The account of Oñate's expedition permits us to speculate about the location of the Great Settlement, possibly called Etzanoa, by its inhabitants. It was probably either at the site of present-day Wichita, Kansas, or along the Walnut River in Arkansas City, Kansas. Archaeological discoveries favor the Walnut River.

==The large river==
Intriguing in Gutiérrez's account of the Umana and Leyba expedition is the mention of a large river found about ten days north of the Great Settlement. The river that best fits Gutiérrez's description is the Missouri, perhaps near Kansas City. The Missouri is about 500 yards (450 meters) wide at this point, not as wide as Jusepe estimated, but the largest river that could be reached by foot in about 10 days from the Great Settlement. This would mark the first known visit of Europeans to the Missouri River.
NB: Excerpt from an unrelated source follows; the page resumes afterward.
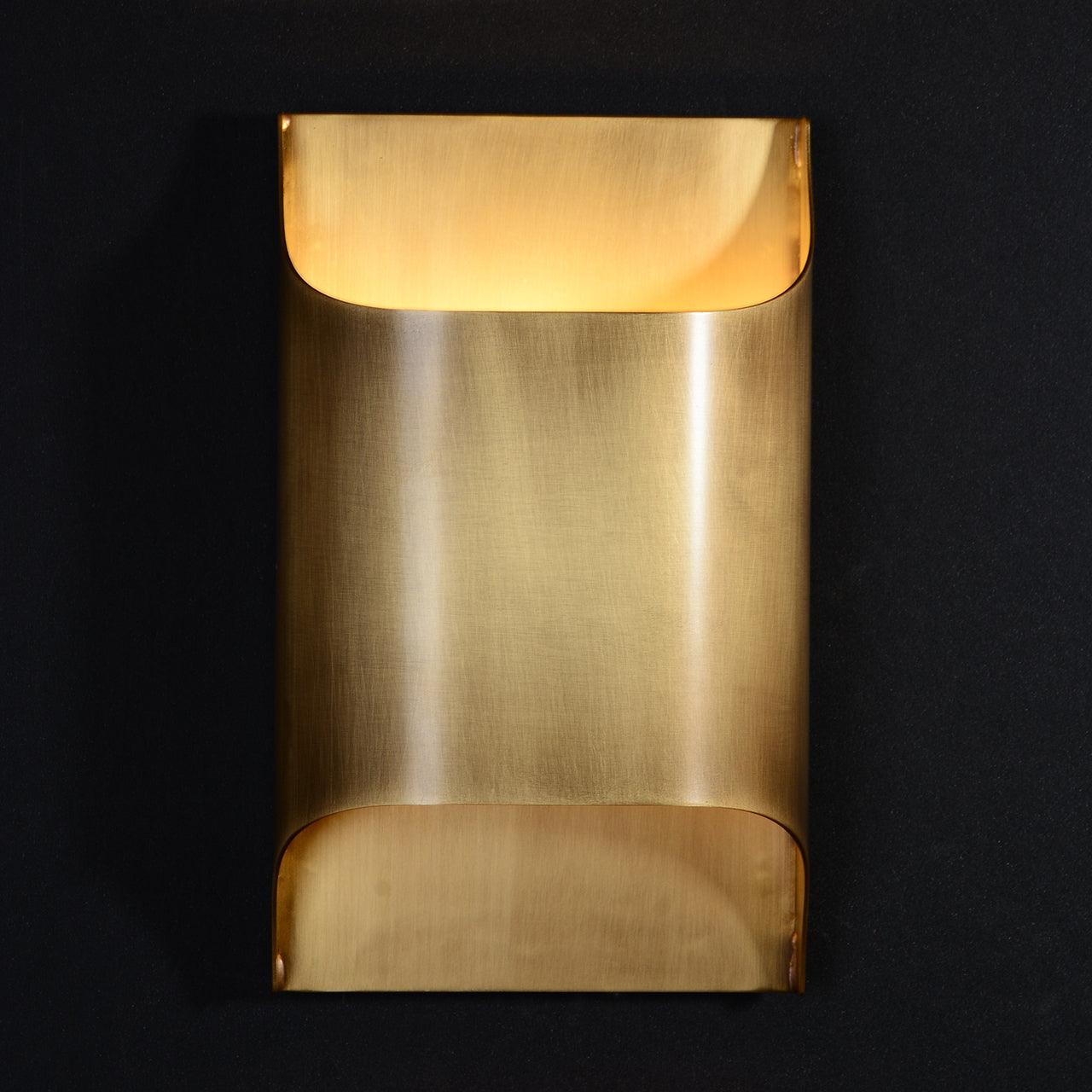 Modern Curved Brass LED Wall Sconce 1-Light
What does not fit very well with this possible route is Gutiérrez's comment that three days beyond the Great Settlement they came upon "such a multitude of buffalo that the plain - which was level, for there are no mountains -- was so covered with them that they were startled and amazed at the sight." If the Great Settlement were at Wichita or Arkansas City, three days travel toward the Missouri River would place the expedition in the rocky and rolling Flint Hills, not a plain. Moreover, in historic times, buffalo were most abundant in the shorter grass prairies west of Longitude 97 rather than the tall grass prairies to the east. Thus, the contradictions in Gutierrez's account continue to incite speculation among historians.

Possibly, the "large river" was the Kansas which, during high water, would have been deep and wide. The Platte River in Nebraska has also been suggested, but that would require a major recalculation of the route of Humana, Leyba, and Oñate as well as the location of the Great Settlement.

==Gutiérrez==
Gutiérrez was one of many, usually anonymous, indigenous Mexican soldiers, servants, and slaves who aided the Spaniards in their explorations. Nothing more is known of him after the return of the Oñate expedition to New Mexico in November 1601.